Data records:
╭──

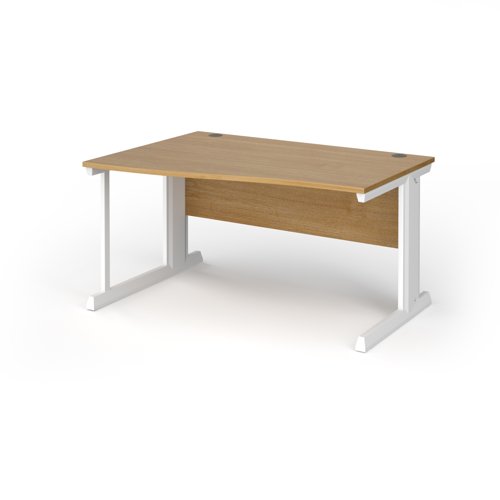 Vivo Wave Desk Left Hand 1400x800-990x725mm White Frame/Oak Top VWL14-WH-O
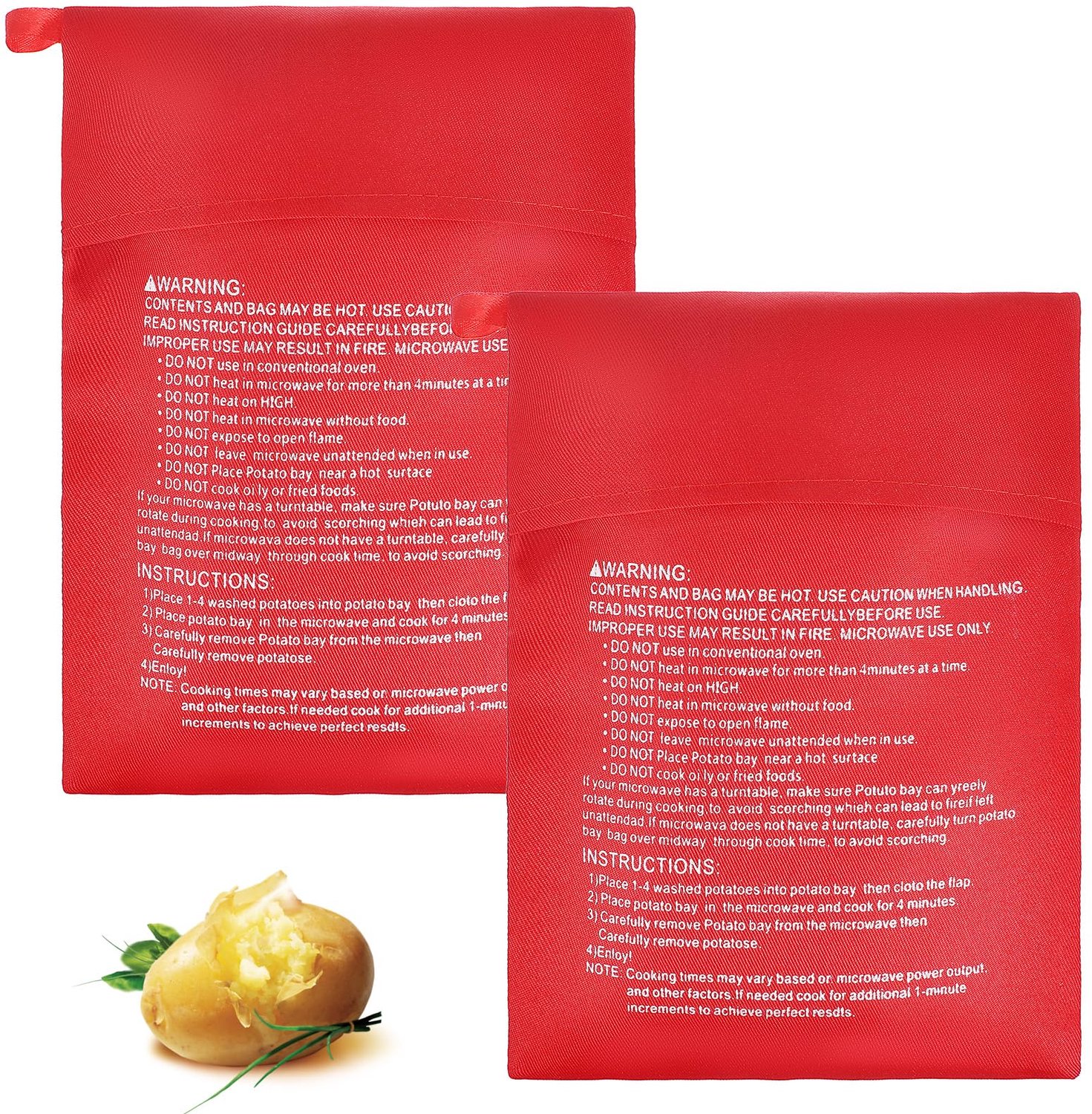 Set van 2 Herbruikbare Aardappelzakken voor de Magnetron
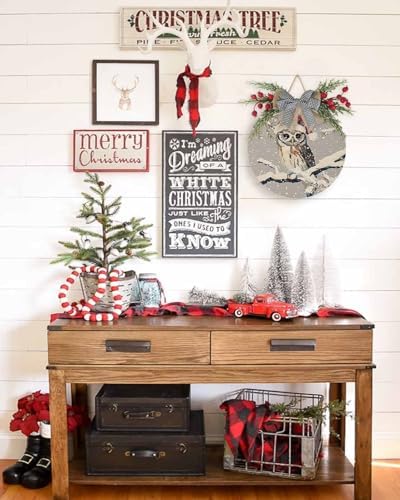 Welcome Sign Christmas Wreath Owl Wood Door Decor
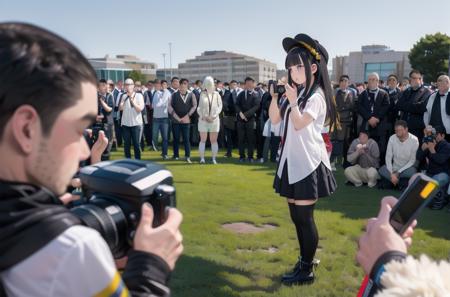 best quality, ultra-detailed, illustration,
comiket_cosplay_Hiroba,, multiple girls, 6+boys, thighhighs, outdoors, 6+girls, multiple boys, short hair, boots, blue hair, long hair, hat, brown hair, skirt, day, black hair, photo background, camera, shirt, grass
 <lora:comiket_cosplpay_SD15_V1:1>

╰──

What is needed: From the line containing "Set van 2 Herbruikbare" down to the last line of the entries above, retype each line exactly as it stands, but skip the pictures.

Answer space:
 Set van 2 Herbruikbare Aardappelzakken voor de Magnetron
 Welcome Sign Christmas Wreath Owl Wood Door Decor
 best quality, ultra-detailed, illustration,
comiket_cosplay_Hiroba,, multiple girls, 6+boys, thighhighs, outdoors, 6+girls, multiple boys, short hair, boots, blue hair, long hair, hat, brown hair, skirt, day, black hair, photo background, camera, shirt, grass
 <lora:comiket_cosplpay_SD15_V1:1>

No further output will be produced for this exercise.